Directed by Stephen Karam
U.S | 2021 | Narrative
108 minutes | English

A piercingly funny and haunting debut film from writer/director Stephen Karam, “The Humans” explores the hidden dread of a family and the love that binds them together. Set inside a pre-war duplex in downtown Manhattan, “The Humans” — whose deep cast includes Richard Jenkins, Beanie Feldstein, Steven Yeun, Amy Schumer, and June Squibb — follows the course of an evening in which three generations of the Blake family gather to celebrate Thanksgiving in the younger daughter's new apartment.
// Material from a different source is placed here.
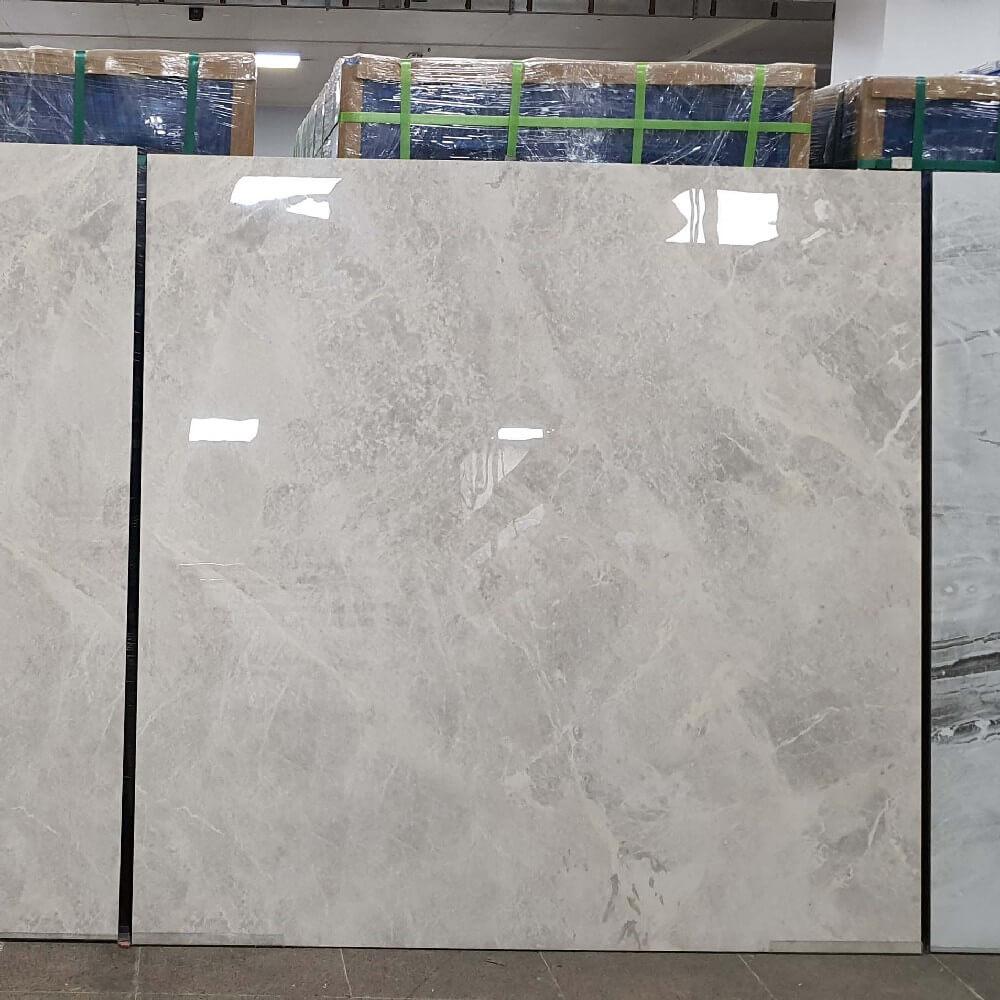 Stark Crema Rectified Large Format Polished Stone Effect Porcelain 1200x1200mm Floor & Wall Tiles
Mundane family conversations and observations pile up and simmer throughout the day, and as darkness falls outside the crumbling building, mysterious things start to go bump in the night. Family tensions reach a boiling point, and the group’s deepest fears are laid bare. RogerEbert.com writes: “Like Emma Seligman’s masterful ‘Shiva Baby,’ Stephen Karam’s screen adaptation of his Tony Award-winning play, ‘The Humans,’ wrings a staggering amount of visceral tension and suspense out of what appears to be, on the surface, a simple family gathering. Brigid (Beanie Feldstein) welcomes her family on Thanksgiving to the new Chinatown apartment she shares with her boyfriend, Richard (Steven Yeun), which is lensed in widescreen cinematography by Lol Crawley that heightens one’s paranoia of encroaching decay. The fear of floodwaters voiced by her father, Erik (Richard Jenkins), hits home especially hard in light of the historic flood New York City endured earlier this month. Crawley finds inventive ways of making characters appear isolated even when surrounded by family, such as Brigid’s ailing sister, Aimee, played in a marvelous dramatic performance by Amy Schumer. Karam’s film deserves to be a major contender during this year’s awards season.”